What is a king?  What does it mean to have a king?  Who is a king?  In this land of democracy, which was built throwing off our ties to a king and breaking out on our own without the fetters of a dieing feudal system and its monarchy, what does it mean to say that Christ is king?  England still has a queen and will someday in my lifetime have a King. But the monarchy there is little more than a living parade, a living heirloom of by gone days of England’s past. But many countries still have kings in far off places of this world.
Every year at District Pastor's Retreat, a group of us go to eat at a Thai restaurant. They have three pictures of this very regal looking couple on three of the walls. One year I asked the waitress who this couple was. She told us that they were the king and queen of Thailand. From what I understand, the king and queen of Thailand are held in great affection by the Thai people. The waitress told us quite a bit about how wonderful this couple is and how much they are revered and respected by Thai people everywhere. The owners of this restaurant live here in the states, but they still honor and revere the king of their native land.
A good king is respected and honored by his people. A good king is kind and just and is loved by all those whom he rules. But a king does not have to be these things in order to be king. A king is a king by birth, by having been born in the right family at the right time, or by coo, by over throwing the current king and taking over his throne and establishing his line and his lineage as the new succession to the throne. A king is king by power of the law but ironically in many ways is above the law and not required to adhere to the very law which makes him king. A king can still be king due to this power he wields even if he is cruel and tyrannical. A king can still be king even if he squanders the people’s money and mistreats them at every turn. As long as he can hold onto his power the king. History shows us that a king can be good or bad; kind and just, or tyrannical and bent on nothing but his own gain.

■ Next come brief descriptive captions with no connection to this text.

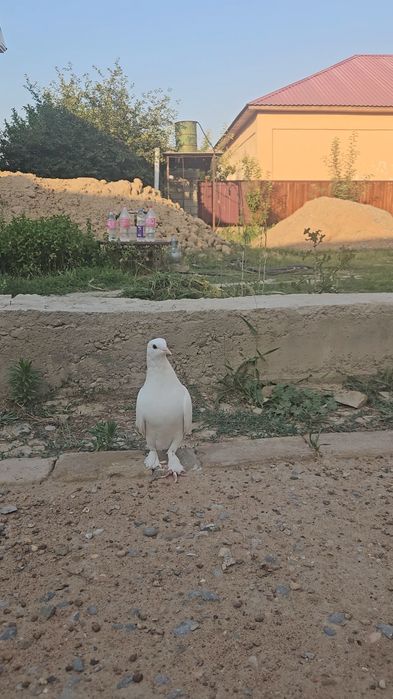 Голуби такла бьяз самец молодой.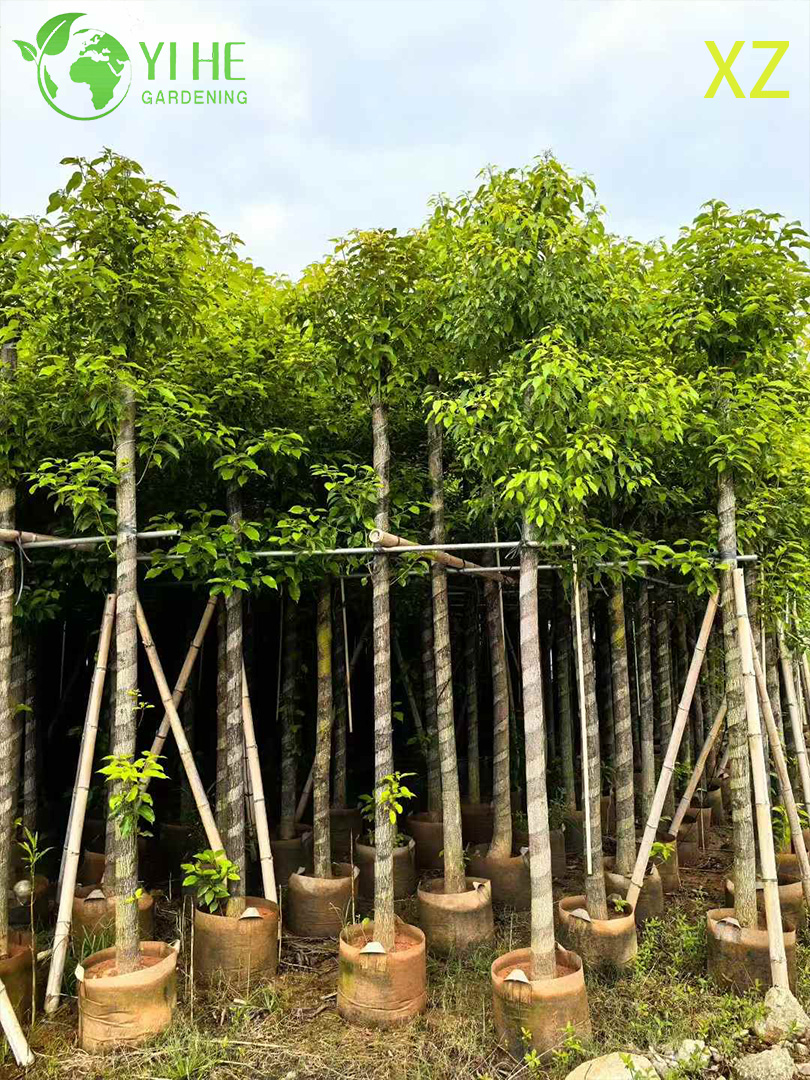 Коричник Камфорный (Камфорное Дерево) – Вечнозеленый Ароматный Солитер, Опт, Экспорт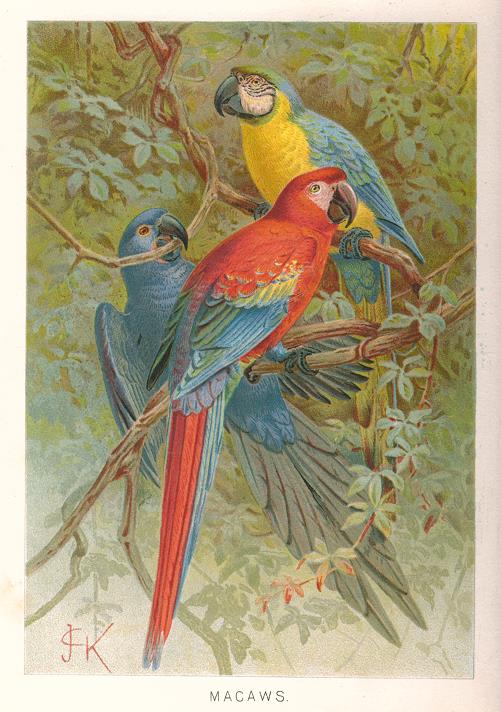 Macaws, 1895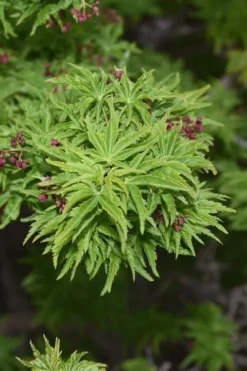 Lions Head Japanese Maple - Acer Palmatum 'Shishigashira' - 5 Gallon Pot -Cheap Green Garden Store japanese maple lions head shishigashira 1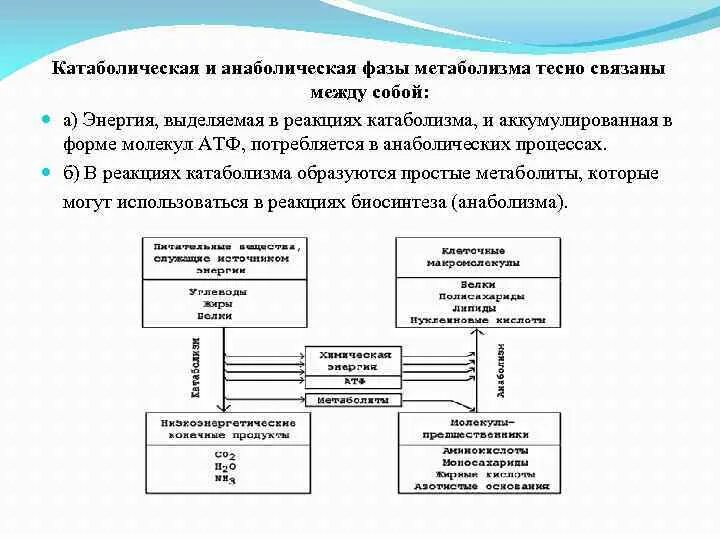 Неразрывно связаны между собой. Метаболизм: анаболические, катаболические реакции.. связь между анаболическими и катаболическими процессами. катаболические и анаболические пути в обмене веществ. стадии катаболизма питательных веществ.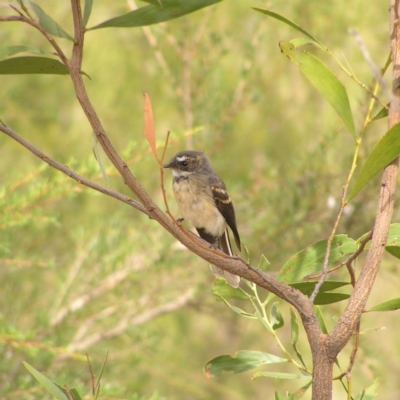 Rhipidura albiscapa (Grey Fantail) at Mount Taylor - 21 Mar 2018 by MatthewFrawley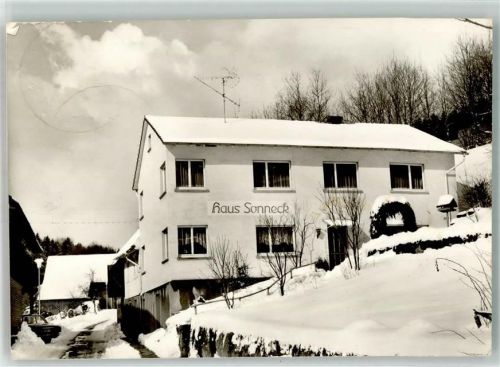 Grasellenbach Pension Haus Sonneck Winter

So there are kings who are revered and honored, kings who deserve to be praised for their kindness, generosity and the just way they rule their people. When we look to God, we, as Christians would expect that Jesus, as king, would be the later. This passage presents to us Jesus, as a king who divides people as a shepherd separates sheep from goats. The sheep he allows into his kingdom and the goats are thrown out, not allowed to enter.
In every place I have ever heard of there being a King, the King does not get to choose who his people are. He is born to be king of a particular kingdom and all the people in the kingdom are his people. A king just accepts the people he is given. Just as he was born to be king, everyone else, who was born within the borders of his kingdom, are born to be his subjects. But Christ the king is picky. He does not simply want subjects, he wants a certain kind of subjects. He wants subjects who live and act in ways which he deems worthy, just. He only wants subjects who are righteous, for it is those whom he calls righteous he decides are the sheep and accepts, it is those who do not live in righteous ways whom he calls goats and casts out.

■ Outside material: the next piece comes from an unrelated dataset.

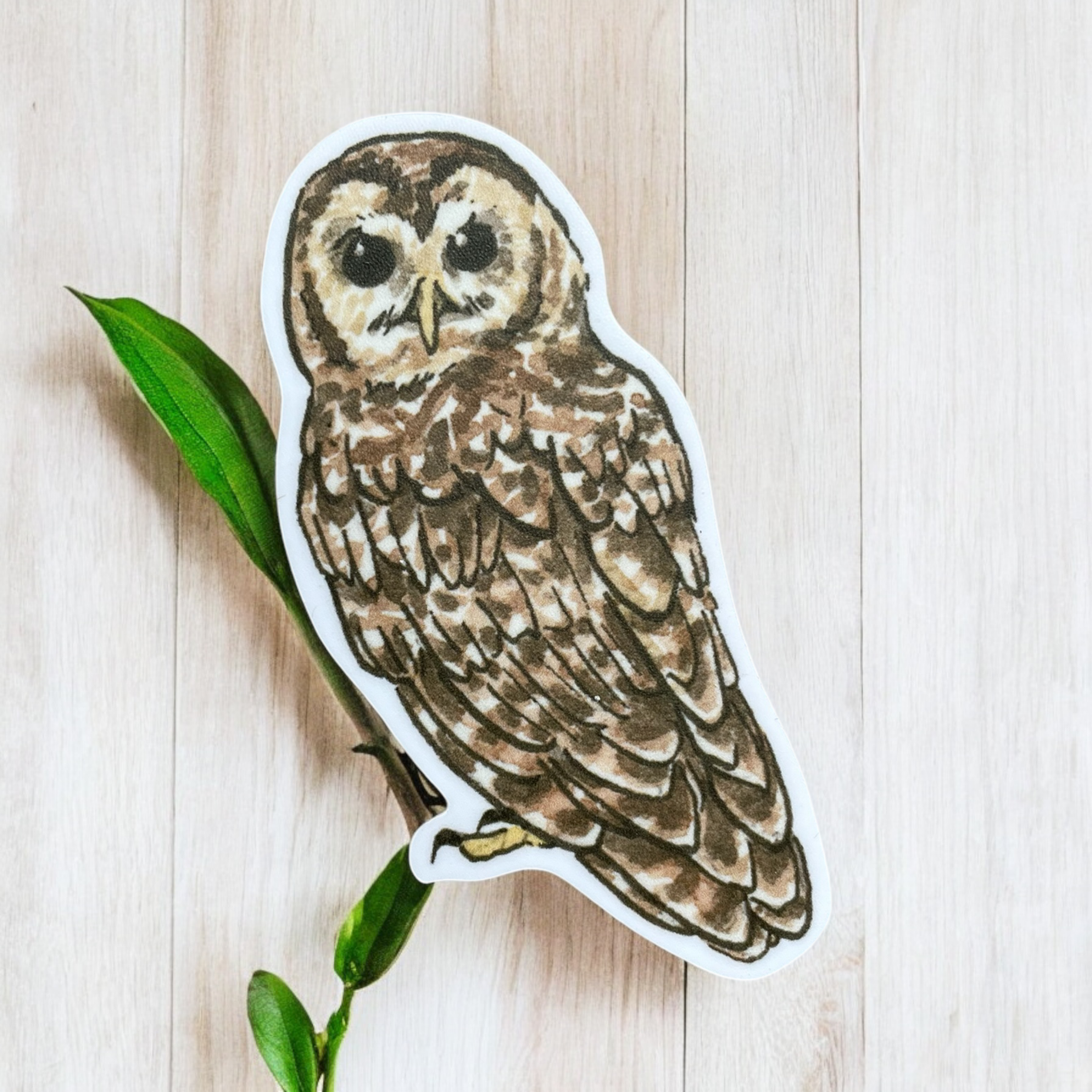 Northern Spotted Owl Sticker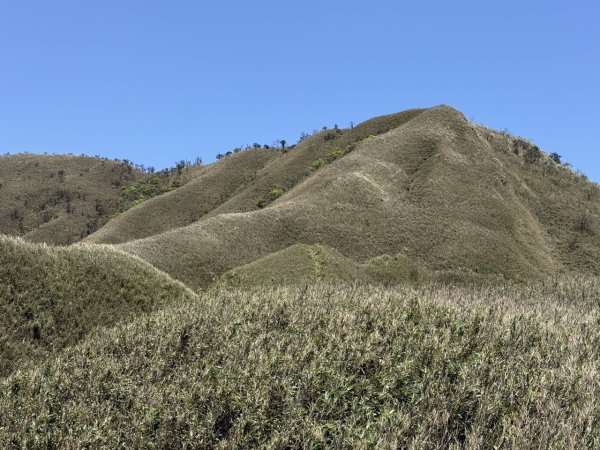 2025/03/21 聖母山莊 抹茶山 三角崙山2935120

Jesus is not only our king but he is choosy about those who will be in his kingdom. Jesus, the Son of Man will sit on the throne of Heaven and divide up those who are in his kingdom and those who are not. On his left he puts the goats, saying to them that he was hungry, thirsty, a stranger, naked, sick and in prison and they did not feed him, give him something to drink, welcome him, cloth him, take care of him or visit him. To the right he puts the sheep and he says to them, I was hungry, thirsty, a stranger, naked, sick and in prison and when you saw me you fed me, gave me a drink, welcomed me, clothed me, took care of me, and visited me. To those on his right, he praises them and welcomes them into his eternal kingdom, to those on his left he will cast out of his kingdom where they are punished.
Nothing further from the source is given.